(Adapted from a message by missionary David Dickson, October, 2009)
Dead flies…Now there’s an unusual topic for a blog, you’re probably thinking. But did you know the Bible actually mentions dead flies? Ecclesiastes 10:1 says, “Dead flies give the perfumer’s ointment a bad smell; so a little folly outweighs wisdom and honor.”
In Bible times, perfume was very rate and costly. All four gospels in the New Testament relate the story of a woman anointing the feet of Jesus. She broke open a jar of expensive perfume (ointment), and poured it on His feet. We’re total that perfume cost a year’s wages!
One reason perfume was so important is that it was used in worship–to present a sweet smelling savor to God. In Exodus 30, God gives a specific recipe for a perfume He wanted the Israelites to use in worship. He said if anyone used it for any other purpose, they were to be put out of the camp. That was serious!

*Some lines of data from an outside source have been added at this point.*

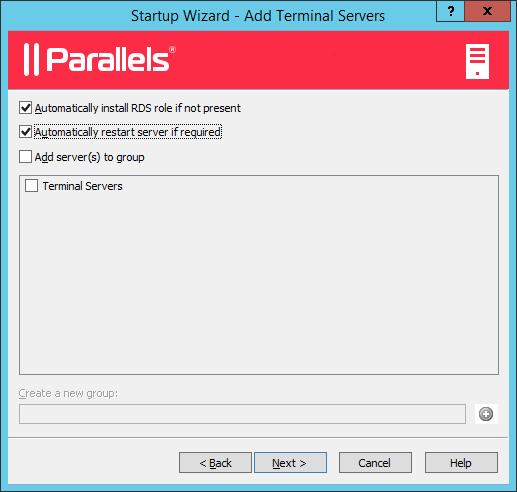 In the next step, you can specify if the RDS role required by the Parallels Terminal Server Agent should be installed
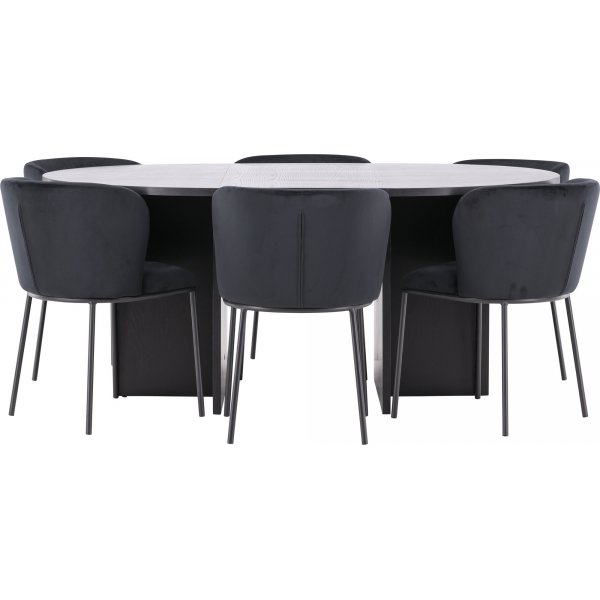 Matbord Strada med 6 st Edina stolar - Svart + 6.00 x Stolsdyna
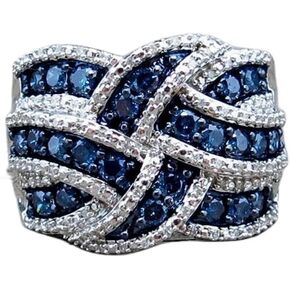 Ciufewek Retro Classic Women S925 Sterling Silver Engging Ring Luxury الياقوت متعدد الطبقات عبر خاتم الماس الكاملين الأنيقة حفلة الكوكتيل الحزب CZ CZ 7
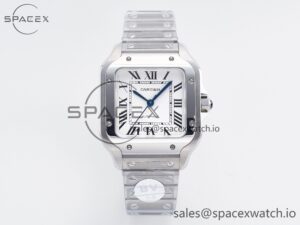 Santos de Cartier 35mm SS 2018 BVF 1:1 Best Edition White Dial on SS SmartLinks Bracelet MIYOTA 9015 V2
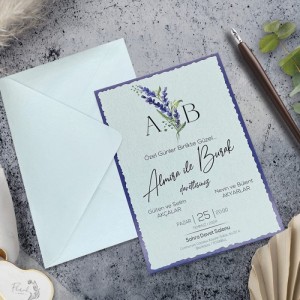 Lavanta Çiçekli Mor Çerçeveli Davetiye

Our purpose as Christians is to give off the “fragrance of Christ.” So we shouldn’t be a “dead fly” that spoils that fragrance. In other words, we need to live a Christ-like life so other will see, hear, taste, feel, and smell Jesus in us. What are some things we can do that are “dead flies?” Judging other, griping, complaining, gossiping, impatience, to name a few. Anything that makes someone look at us and think, “She says she’s a Christian, yet that’s how she acts? Why should I want to be like that? She’s no different from me.”

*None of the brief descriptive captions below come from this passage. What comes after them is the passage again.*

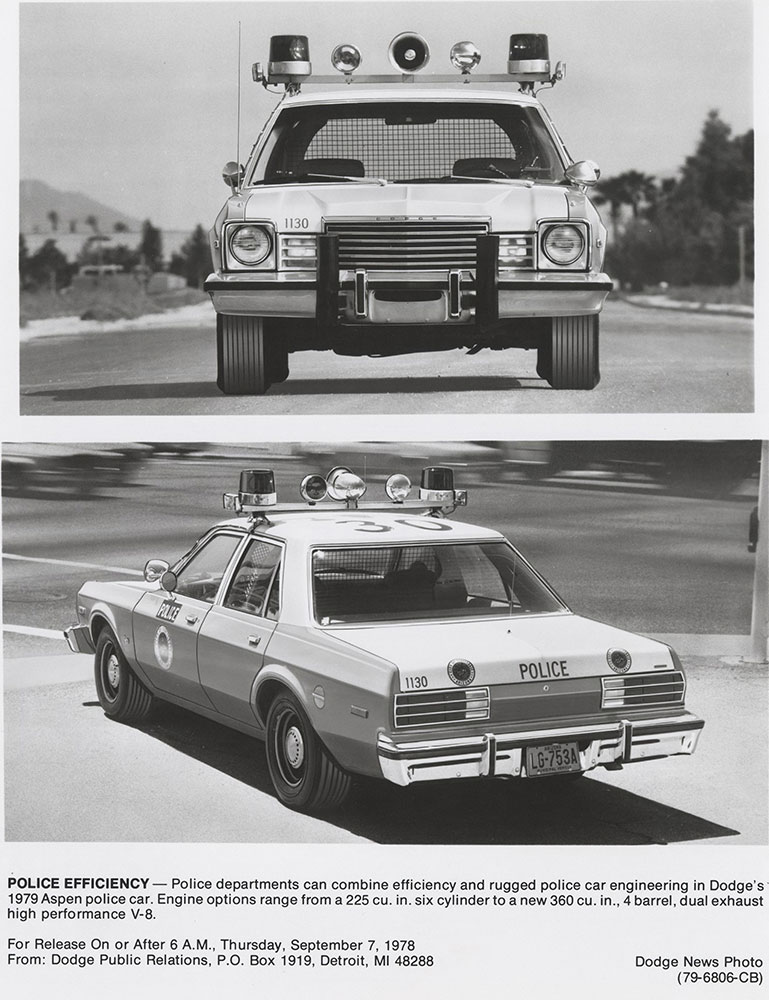 Dodge Aspen 1979 Police Car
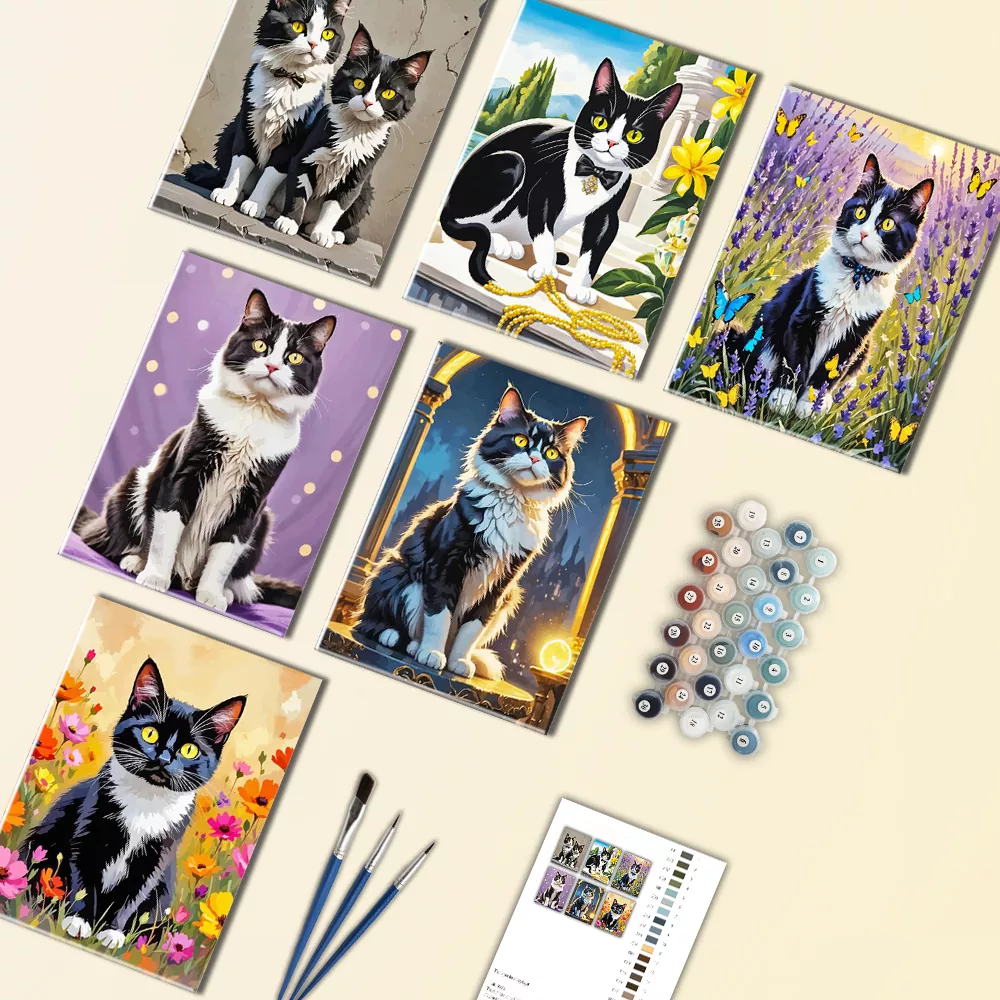 tuxedo cat with yellow eyes mini paint by numbers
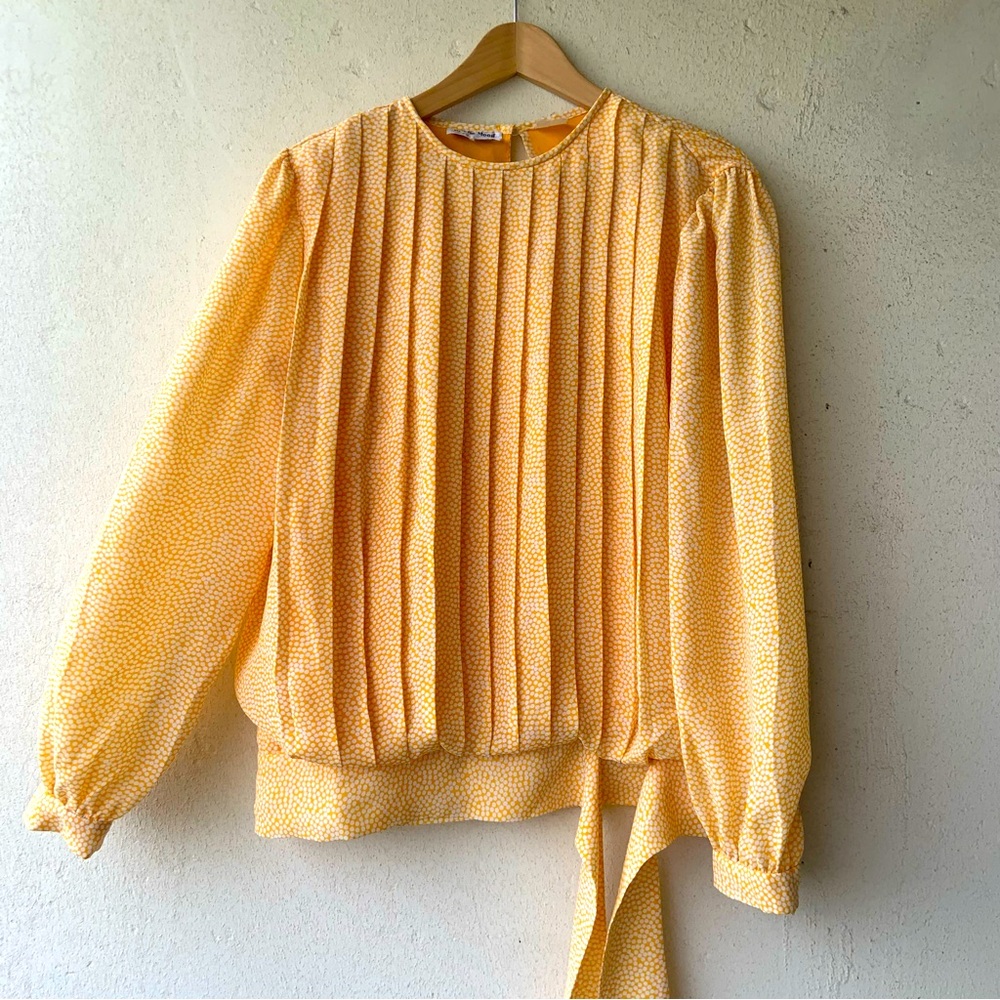 Yellow Pleated Women's Top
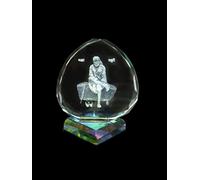 SHINDE EXPORTS 3D Crystal Sai Baba Idol Staute Murti for Home, Pooja Room, Gift Purpose & Car Dashboard. Hearth Shape C (2 in)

Christians are supposed to be “peculiar people.” We’re to stand out as being different–not weird or crazy–but different than non-Christians. We’re not to let our words and deeds be dead flies that spoil the ointment. Notice the second part of that verse: “so a little folly outweighs wisdom and honor.” One little slip of the tongue, or small questionable action can run our “fragrance” in the eyes–or noses– of those who are watching us. And we never know when we’re being watched by the world to see how we’re going to act, or react. On the other hand, we never know how a kind word or deed may affect the recipient.
Perhaps a good daily reminder (to those of us who are perfume-wears) would be to think of this lesson as we light spritz on our favorite scent each morning. As we notice its fragrance throughout the day, we can be reminded of our responsibility, and ask ourselves, “Am I a dead fly, or the sweet savor of my Savior?”